What you need to do
Repeat every entry exactly. Do not include the pictures.

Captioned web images
**********

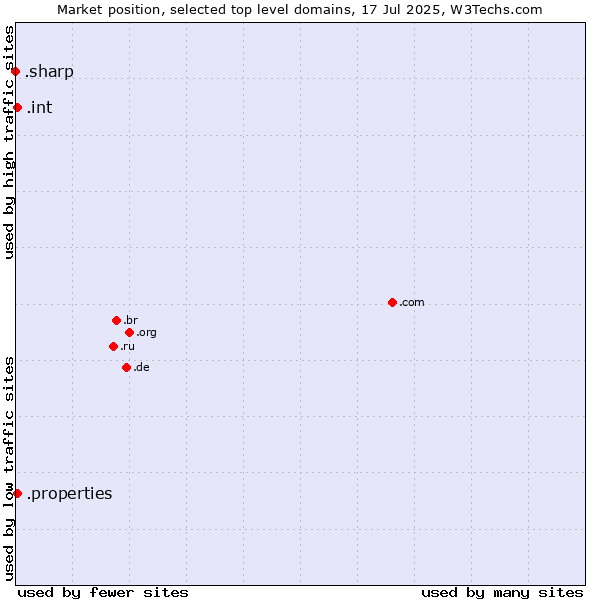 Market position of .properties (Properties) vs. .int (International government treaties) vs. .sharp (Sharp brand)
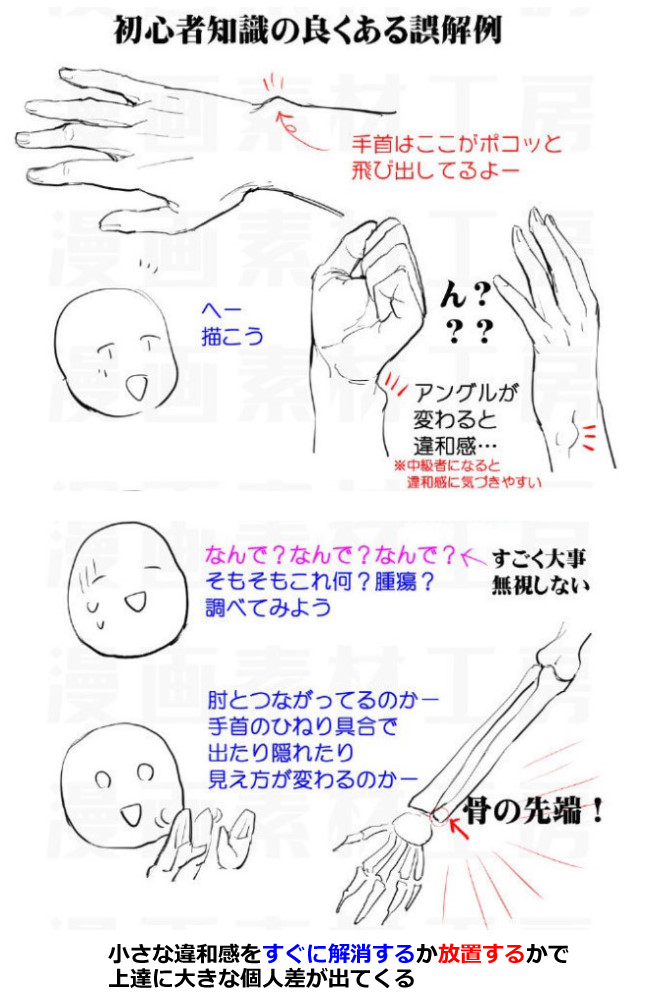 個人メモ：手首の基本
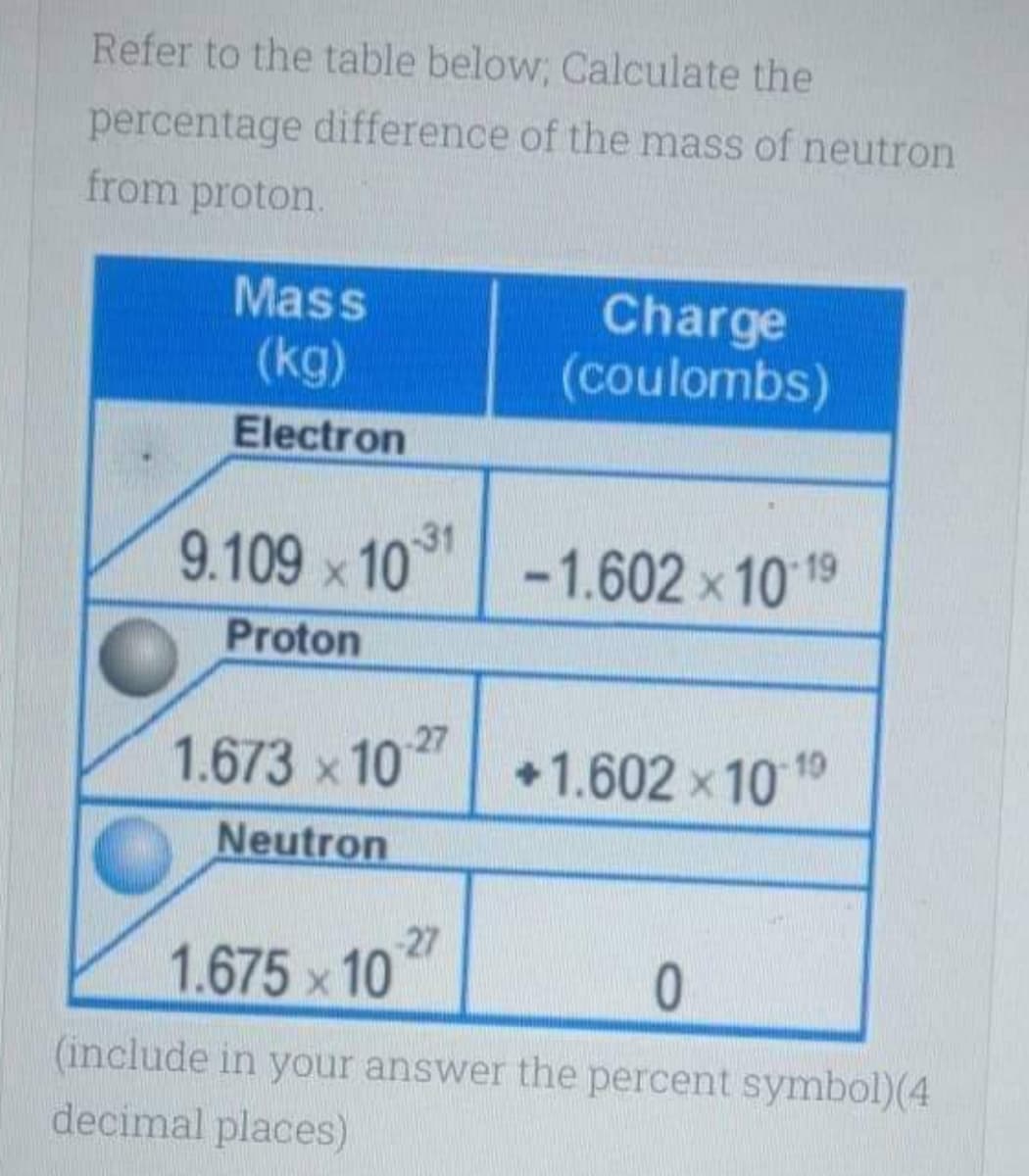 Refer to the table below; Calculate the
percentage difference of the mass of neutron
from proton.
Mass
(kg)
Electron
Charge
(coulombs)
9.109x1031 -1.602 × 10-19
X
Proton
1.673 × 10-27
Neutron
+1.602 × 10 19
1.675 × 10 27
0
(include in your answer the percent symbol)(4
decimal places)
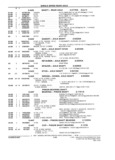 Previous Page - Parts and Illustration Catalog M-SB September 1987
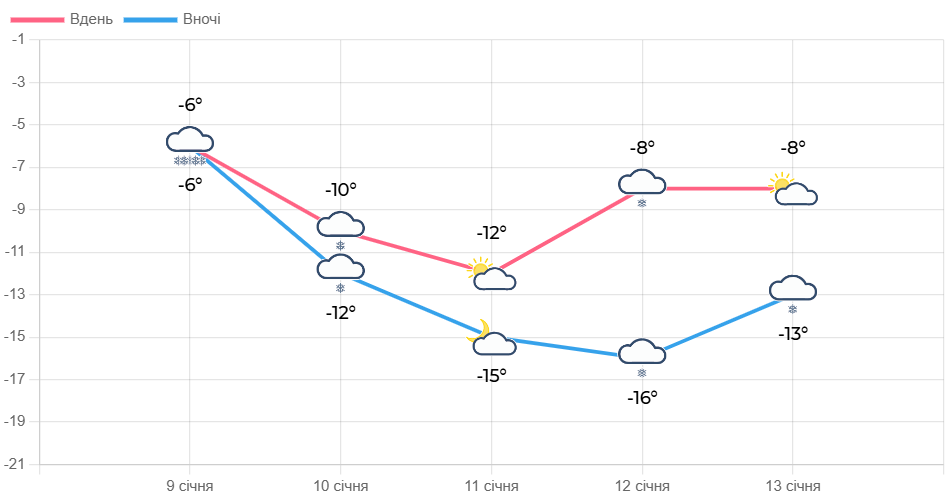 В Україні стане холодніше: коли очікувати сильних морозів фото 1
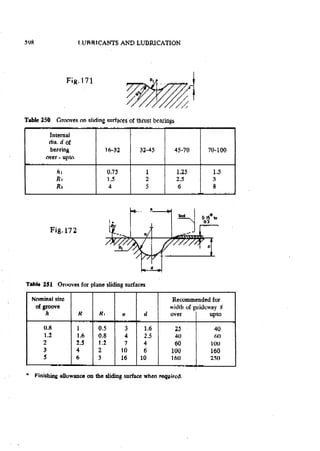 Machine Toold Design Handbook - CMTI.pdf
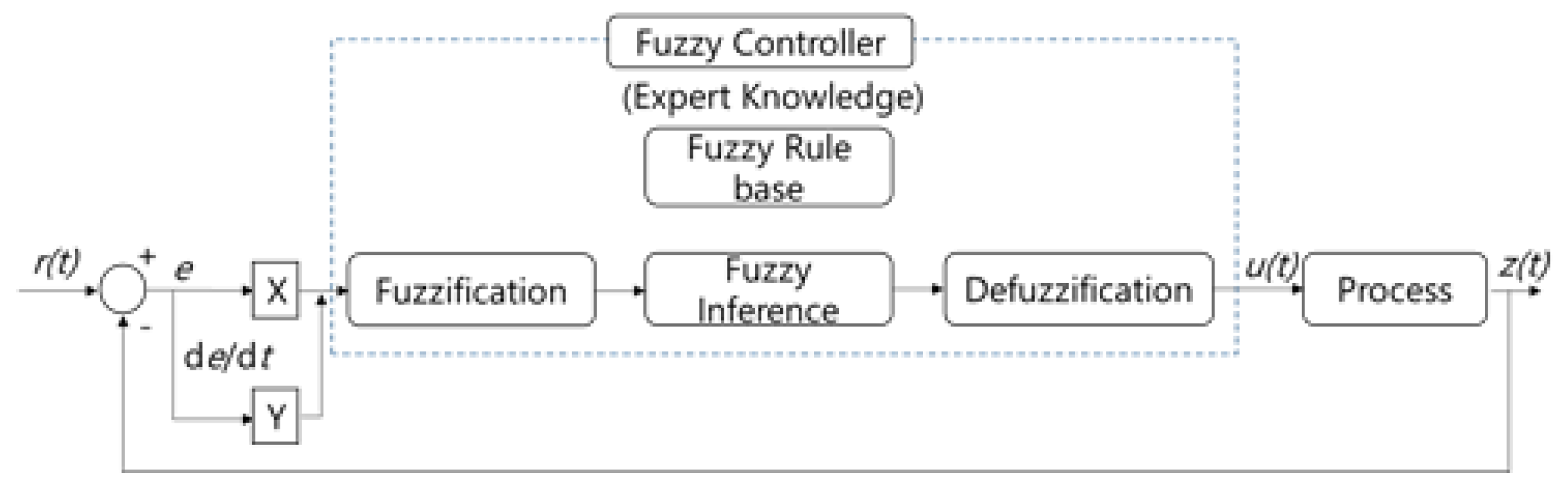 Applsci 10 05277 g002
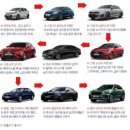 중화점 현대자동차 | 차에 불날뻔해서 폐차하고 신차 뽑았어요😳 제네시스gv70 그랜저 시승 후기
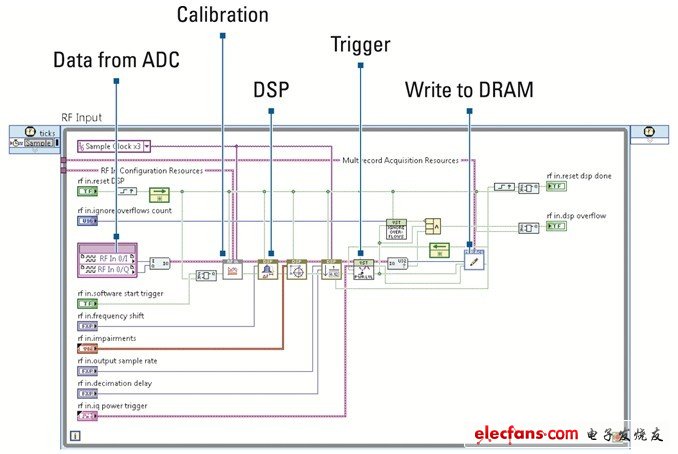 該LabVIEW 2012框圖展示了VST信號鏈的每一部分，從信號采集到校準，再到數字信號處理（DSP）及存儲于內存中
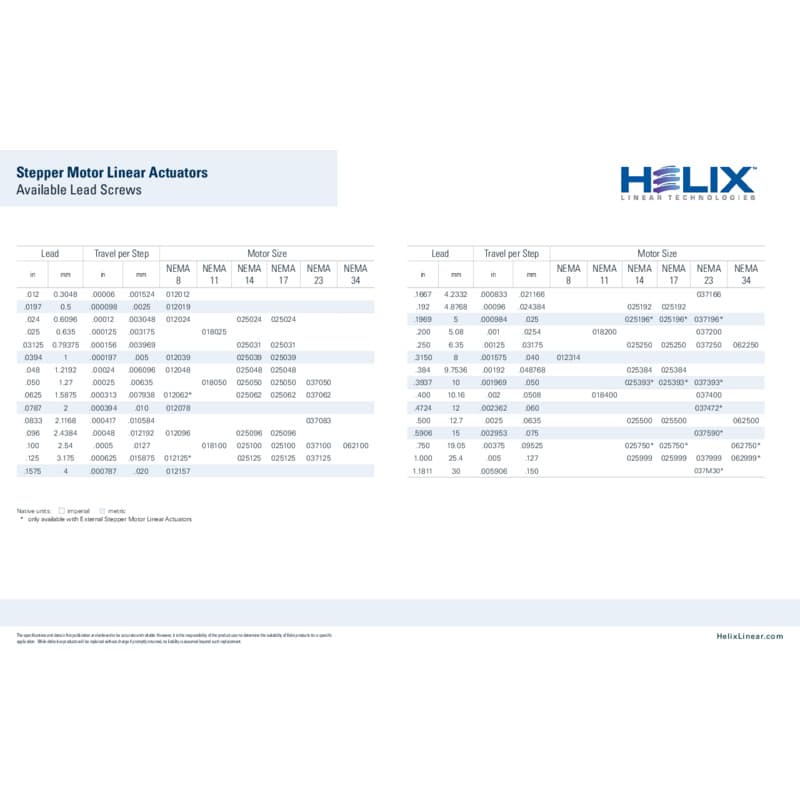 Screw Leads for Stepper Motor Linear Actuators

**********

Written solution
 Market position of .properties (Properties) vs. .int (International government treaties) vs. .sharp (Sharp brand)
 個人メモ：手首の基本
 Refer to the table below; Calculate the
percentage difference of the mass of neutron
from proton.
Mass
(kg)
Electron
Charge
(coulombs)
9.109x1031 -1.602 × 10-19
X
Proton
1.673 × 10-27
Neutron
+1.602 × 10 19
1.675 × 10 27
0
(include in your answer the percent symbol)(4
decimal places)
 Previous Page - Parts and Illustration Catalog M-SB September 1987
 В Україні стане холодніше: коли очікувати сильних морозів фото 1
 Machine Toold Design Handbook - CMTI.pdf
 Applsci 10 05277 g002
 중화점 현대자동차 | 차에 불날뻔해서 폐차하고 신차 뽑았어요😳 제네시스gv70 그랜저 시승 후기
 該LabVIEW 2012框圖展示了VST信號鏈的每一部分，從信號采集到校準，再到數字信號處理（DSP）及存儲于內存中
 Screw Leads for Stepper Motor Linear Actuators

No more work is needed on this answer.